Publicado en Continuum
LEGO. Ex-Festival de Danza LP’11. Centre de Cultura Contemporania de Barcelona. 11 de marzo de 2011.




No es un teatro. Tampoco es el cubo blanco propio de galerías y museos modernos. Es un lugar intermedio que no acaba de ser nada en concreto y que, por tanto, puede ser aquello que más convenga según la situación. Además, tiene algo de espacio ocupado: LEGO utiliza el hall de entrada del CCCB, esto es, no hay estructuras sólidas y permanentes construidas para la ocasión: suelos, pilares, techos, rampas, puertas y demás estaban allí antes. El festival LP’11 simplemente ha aprovechado lo que había creando un dispositivo mínimo (unas cuantas sillas plegables colocadas (esta noche) en forma de u, dos discretas gradas y una barra de bar) y flexible que se puede mover y adaptar según sea necesario.

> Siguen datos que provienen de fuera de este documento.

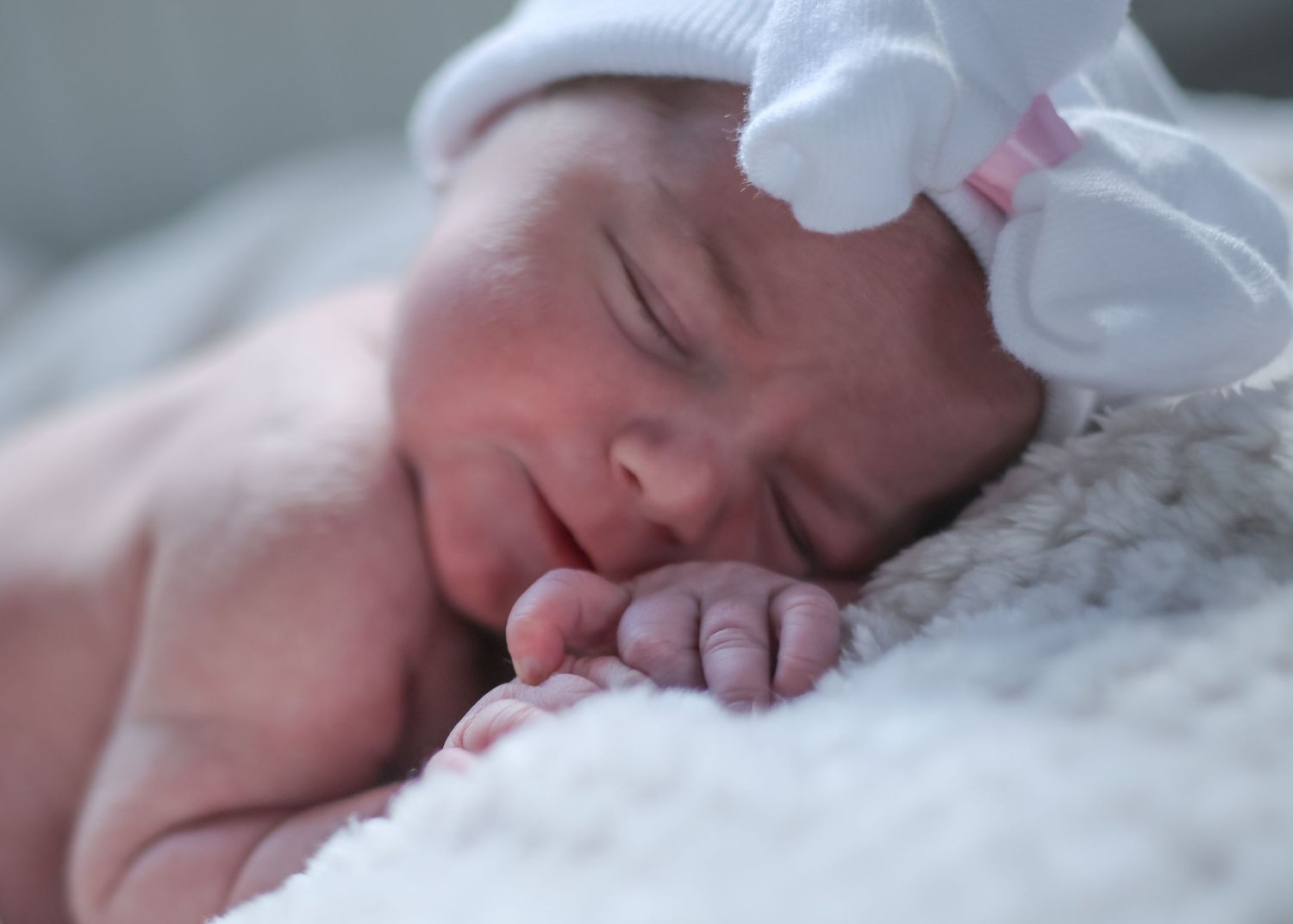 Weston Super Mare, North Somerset, Newborn photography. Newborn photographer. Photography at home. photographer in Weston super mare.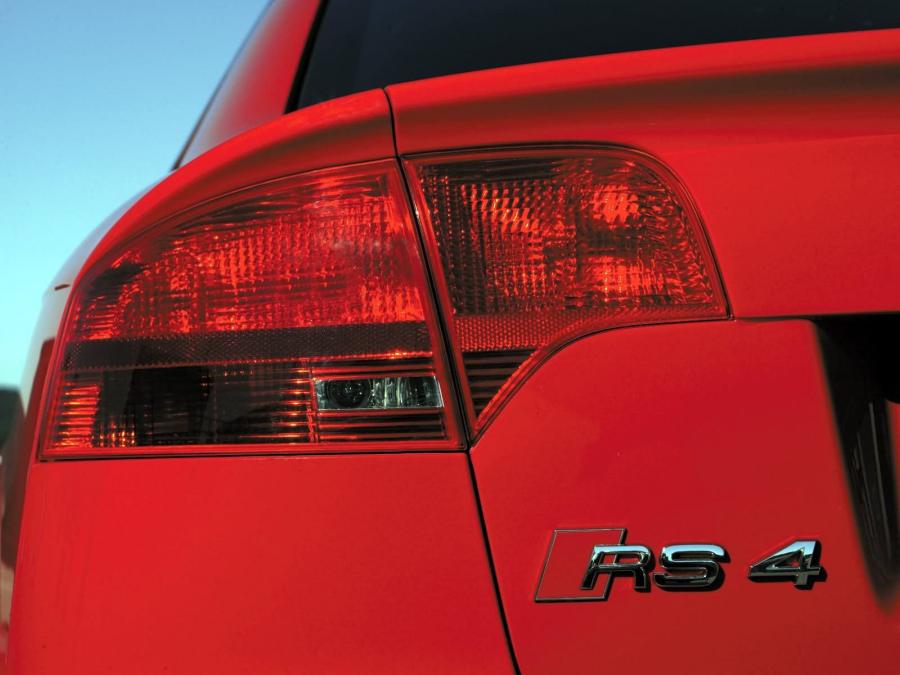 Детали экстерьера Audi RS4 Sedan (B7, 8E) 2005 года  (фото 33 из 48)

No hay muros que cierren, ni espacios que atrapen a quienes hemos acudido a la cita. Nada establece una dirección privilegiada. Los espacios son permeables y se puede decidir cómo estar, qué hacer y hacia dónde mirar. Uno puede tomarse una caña, puede descansar en uno de los sillones del hall escuchando música, puede charlar sentado en las gradas, etc.  Pero este lugar tampoco es un bar o un café. La función es otra: en un principio, todos hemos acudido allí para asistir a la presentación de cuatro propuestas, y el dispositivo existe principalmente para que esto suceda. Lo curioso es que dichas propuestas, aun siendo el resultado de procesos, tiempos y planteamientos muy distintos, acaban por referirse al espacio en el ocurren. Finalmente parece que, más allá de las cuestiones concretas que cada artista se plantea, se trata de hablar de lo que el teatro, como tecnología de la representación, hace. O dicho de otra manera,  de lo que hacemos todos juntos (artistas, espectadores, organizadores, técnicos, etc.) allí congregados.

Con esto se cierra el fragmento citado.